Em 13 de maio de 1888, a princesa Isabel escreveu um bilhete ao pai: “Acabo sanccionar a lei da extincção da escravidão. Abraço Papae com toda a effusão do meu coração.” Na condição de princesa regente, Isabel acabara de libertar os escravos brasileiros e comunicava a decisão ao imperador Dom Pedro II, que na época fazia tratamento de saúde na Europa.

Isabel era uma defensora da causa abolicionista. Durante a primeira viagem do pai à Europa, em 1871, foi ela que, como regente pela primeira vez, e com 24 anos de idade, assinou a Lei do Ventre Livre, que libertava todos os filhos recém-nascidos de escravos.

Histórico
Foi para as matas fechadas de Serra da Barriga, que alcança até 500 metros de altitude, que milhares de escravos negros rebelados fugiram durante o período de dominação holandesa, lá fundando a República Livre de Palmares – o maior, mais duradouro e mais organizado quilombo das Américas, onde viveram mais de 20 mil pessoas, entre 1597 a 1695.
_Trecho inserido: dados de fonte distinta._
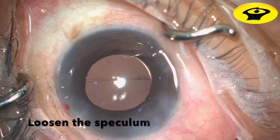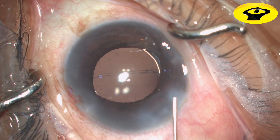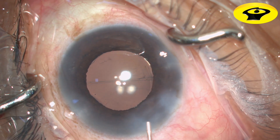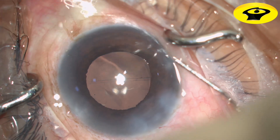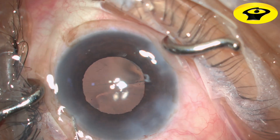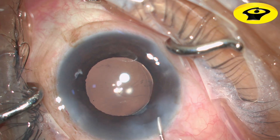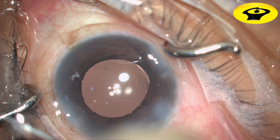Before hydrating the ports, I loosen the speculum a bit, then start hydrating the sides of the main incision and the roof of the main incision, then go to both sides of the side ports. I always give a constant irrigating flow so that while I come out, it doesn't collapse the anterior chamber.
Tendo sobrevivido por quase um século, o Quilombo dos Palmares foi dizimado, e seu maior líder, Zumbi, assassinado, em 20 de novembro de 1695. Neste cenário original da luta, em 2007, foi construído o Parque Memorial Quilombo dos Palmares – uma espécie de maquete viva, em tamanho natural, instalada em um platô, no alto da Serra, para onde milhares de pessoas acorrem, principalmente, em 20 novembro, quando se comemora o Dia Nacional da Consciência Negra.